Bernsen grew up hunting and fishing, and owns guns. He said the idea that the Democratic party wants to ban all guns is a misconception. He said the majority of Americans and gun owners believe in and support universal background checks. He said it's time for the Republican party to reconsider some of the laws proposed by Democrats in the past.
"Unfortunately the NRA has a strange hold on the Republican party, including this governor, and they won't allow any type of rational legislation to go forward," Bernsen said.
Bernsen went on to explain that the American people are getting fed up with the lack of change. He said children shouldn't be afraid to go to school, and people shouldn't have to worry when they go to Walmart.

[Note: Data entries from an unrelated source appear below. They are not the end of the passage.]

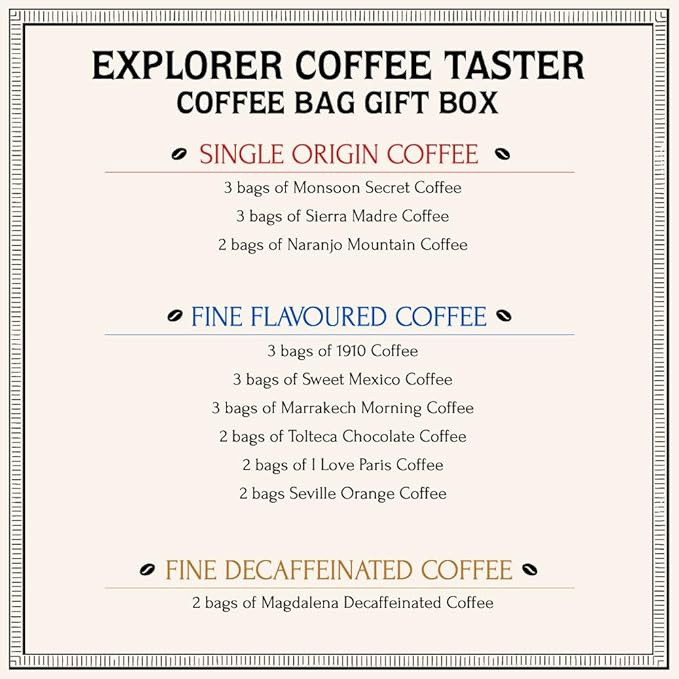 Bacha Coffee | Assorted EXPLORER Coffee Taster 100% Arabica Specialty Coffee Beans x25 Individually Wrapped Single Serve Filter Bags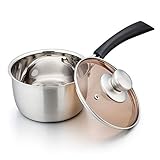 Homikit Stielkasserolle, 16 cm ca. 1,9L Edelstahl Milchtopf mit Glasdeckel, Kochtopf mit Langer Hitzebeständiger Griff, Gesund & Ungiftig, Unbeschichtet, Sichtbar, Spülmaschinengeeignet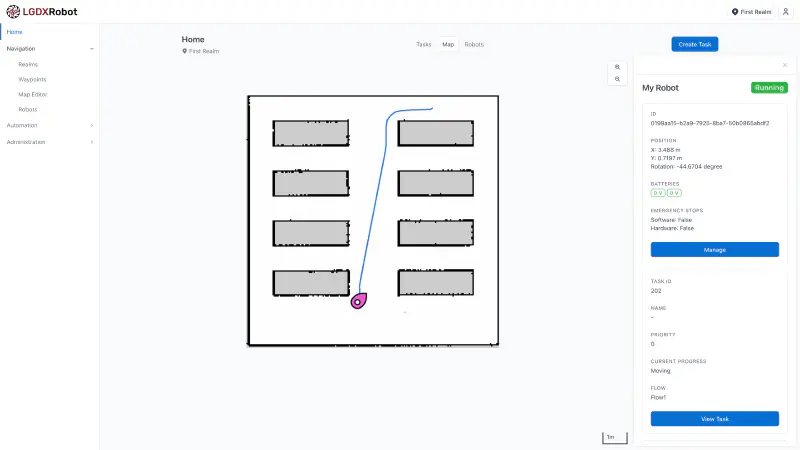 Screenshot of the map page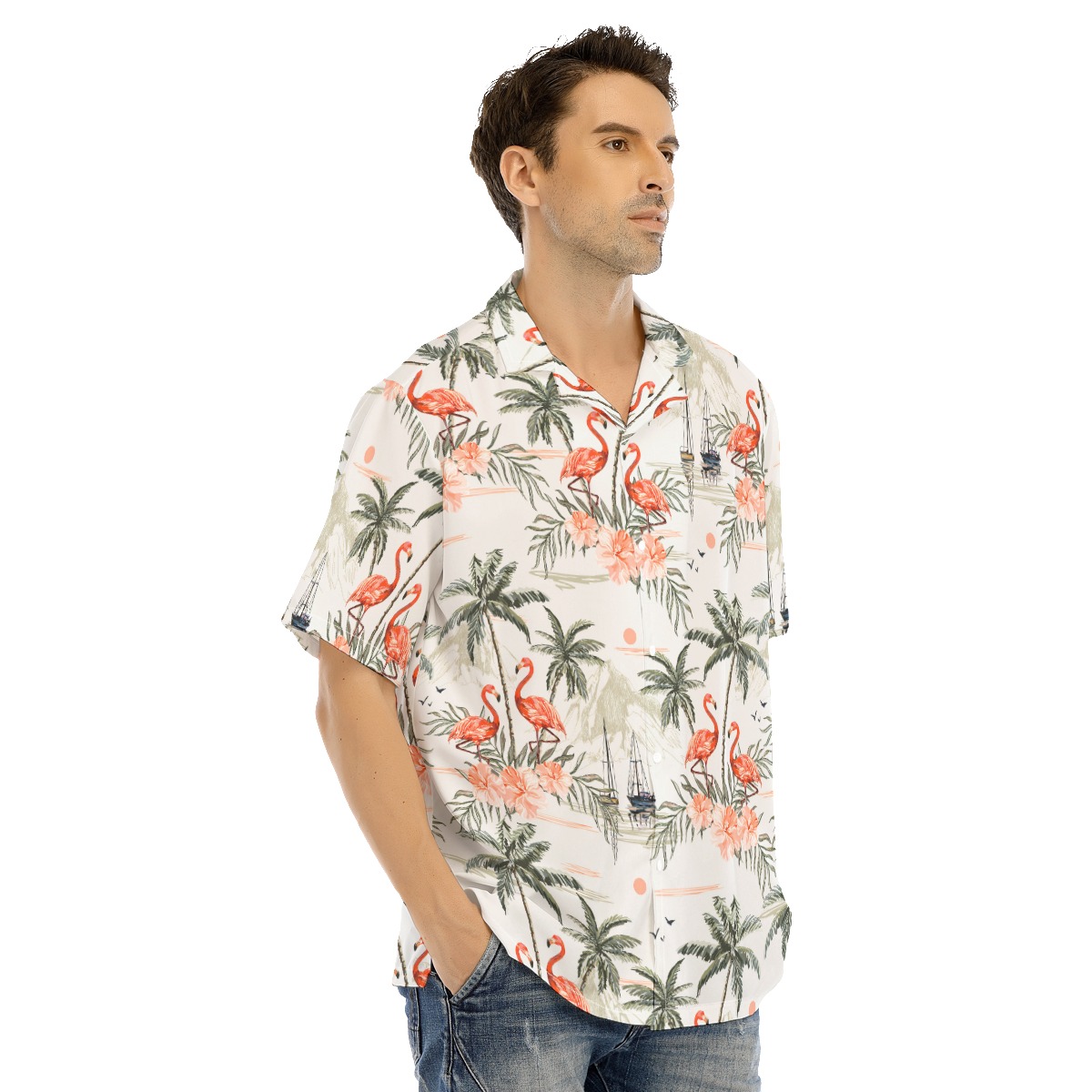Flamingo Beach Hawaiian Shirt For Men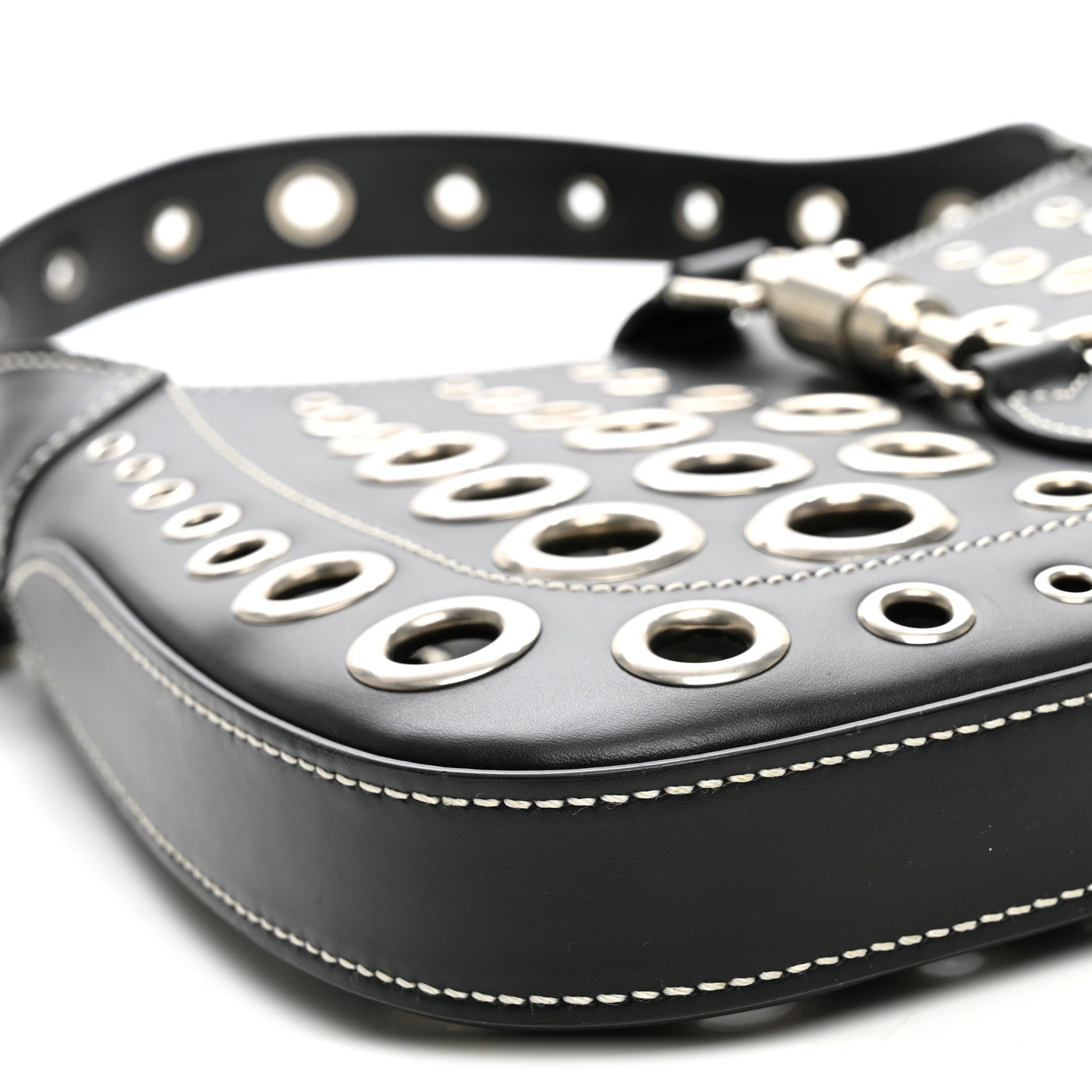 Calfskin Ha Ha Ha Jackie 1961 Eyelet Hobo Black £¨ Direct shipment via from wholesalehk.shop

"Hopefully the Republican legislators will put the safety of our children, and the safety of our community first, and if they don't I think they're going to pay the price at the ballot box, because people are sick of it," Bernsen said.
W.B. Pate, Mayor Pro Tem of Beaumont, Eliot Hall, a concerned "left leaning" citizen, and Jaylon Gasper, a progressive Lamar student, all have different ideas about gun control, but are in agreement that something needs to change.
Pate thinks one of the main things law makers need to address is mental health. He believes when it comes to gun control, we have to remember the second amendment is just as strong as the first. Pate said mas shootings are tragic, and the majority of assailants suffer some sort of mental health issue.
"I would hope that whatever's in their proposal deals with mental issues and the ability to put people in institutions," Pate said.
Pate thinks both parties will be able to move toward the middle to come to an agreement, and help solve the issue. He said "common sense laws" are a phrase everyone's going to use, but that there isn't much common sense today.
"I'm all about common sense, I just hope they find it," Pate said.
Hall, on the other hand, said its obvious we have a crisis on our hands. He said it's up to the state to make their own decisions in terms of the second amendment, and that this isn't a right or left issue.
"Here in Texas, we all own guns, and so we all have similar concerns," Hall said.
Hall agreed with the Governor comments that the status quo is unacceptable. He said we need to look at background checks, and something needs to be done about the private transfer of firearms. Hall said guns are more closely protected than the children in the streets, and it needs to change.
"We can't accept that this is what it's become, where america's a place where children are slaughtered in school," Hall said.
He said common sense laws could keep guns out of the hands of 'children and crazy people.' Hall believes if we look closer at the users, we won't have to restrict guns as tightly.
"Ultimately the governor is going to do what the Republican party wants him to do, and so I certainly hope that this emergency session brings forth some change," Hall said.
As a college student, Gasper said he was born into a world that's already divisive. He believes we need to use reason and logic to try and bring everyone together, even with complicated issues like gun control.
"It's a strong man to say we should ban all guns, because nobody believes in that, but there are comprehensive steps that we can take to ensure our safety as American citizens," Gasper said.
He also said it was a regressive step to loosen gun laws at the beginning of September. Gasper said having guns doesn't improve safety at all, but instead puts people in more precarious situations.
Gasper also believes blaming mental health issues is doltish, and that the majority of people with mental illness don't have a risk for violence. As a progressive, he said we should look at red flag laws with a wise eye. He sees nothing wrong with banning guns like the AR-15, and making sure we have universal background checks.
"People want universal background checks, people want to feel safer, so it's imperative for us to have this legislative session, and pass this reform," Gasper said.